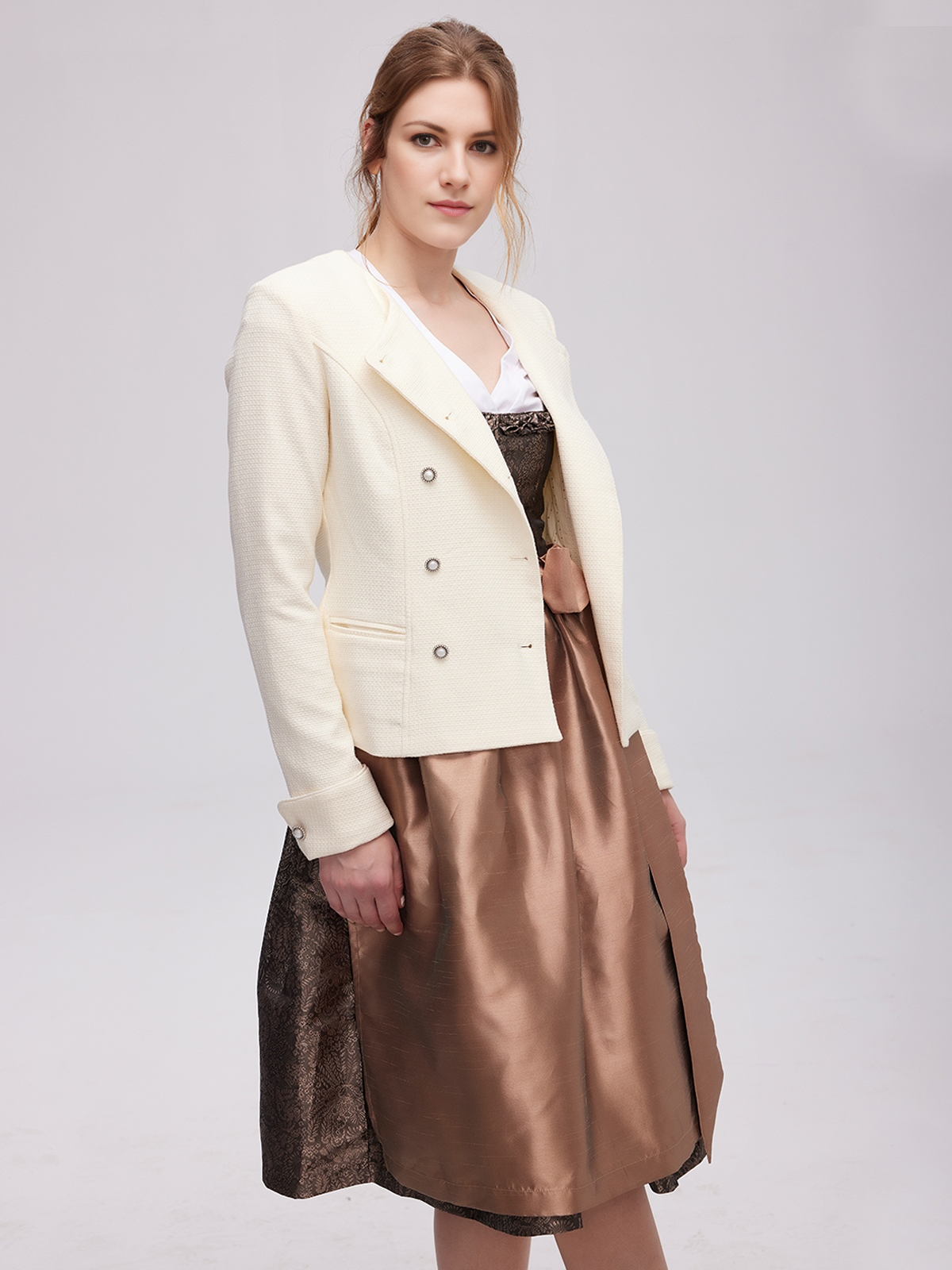 Braunes Dirndl mit weißer Bluse und passenden Accessoires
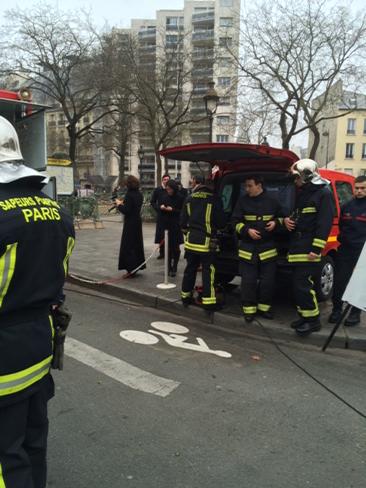 В результате стрельбы в редакции французского юмористического журнала убиты 10 человек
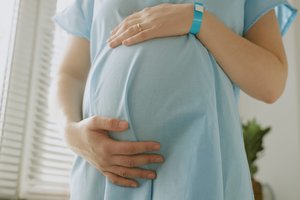 Gimdymo metu moteris patyrė košmarą: pamačiusi juodus šešėlius suprato, kad tuoj mirs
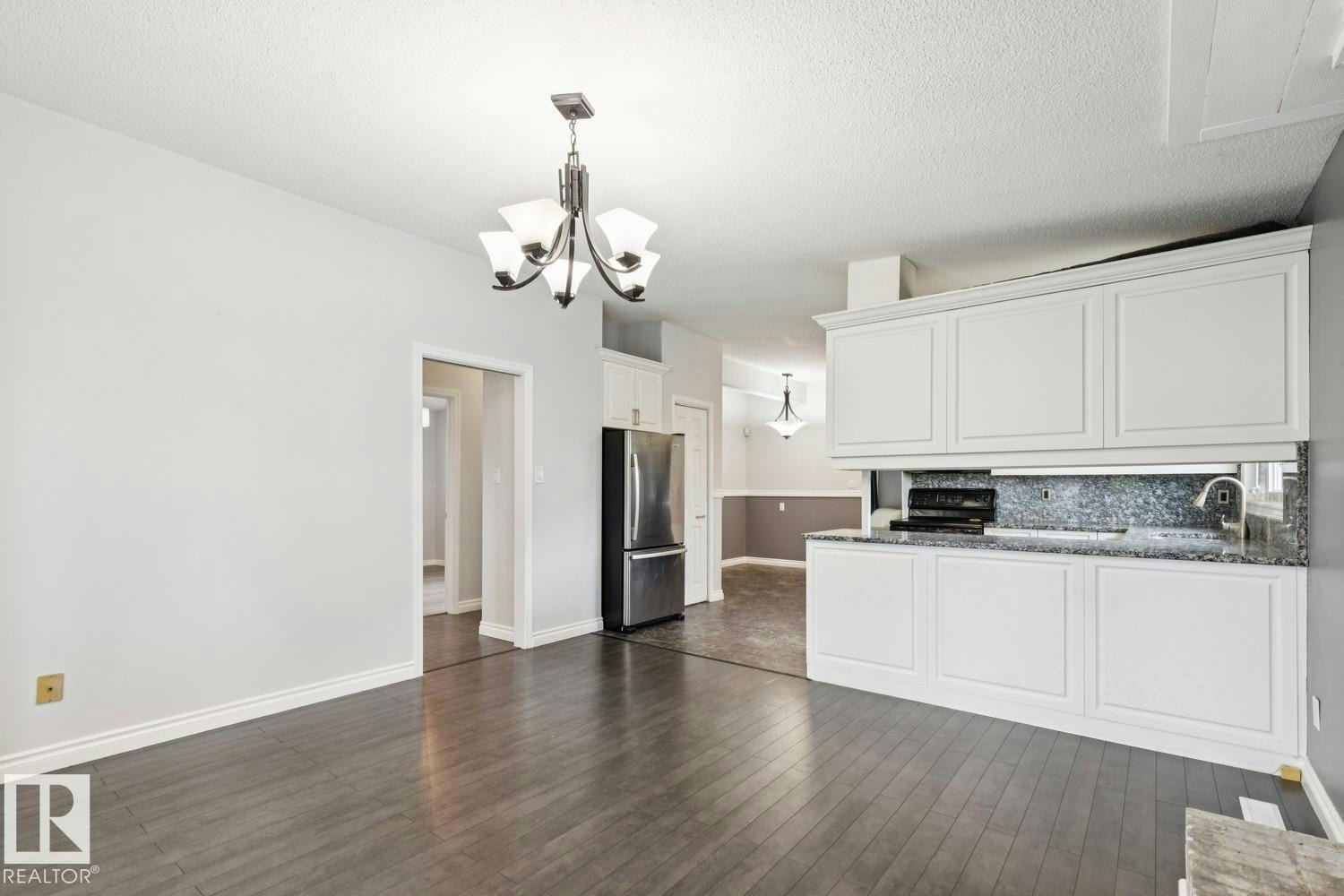9312 151 Avenue, Edmonton, AB, T5E 2P9 - 19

#### Your task:
Restate the lines above exactly, from the one bearing "В результате стрельбы" through the final line of the material, both included, omitting pictures.

#### Final answer:
 В результате стрельбы в редакции французского юмористического журнала убиты 10 человек
 Gimdymo metu moteris patyrė košmarą: pamačiusi juodus šešėlius suprato, kad tuoj mirs
9312 151 Avenue, Edmonton, AB, T5E 2P9 - 19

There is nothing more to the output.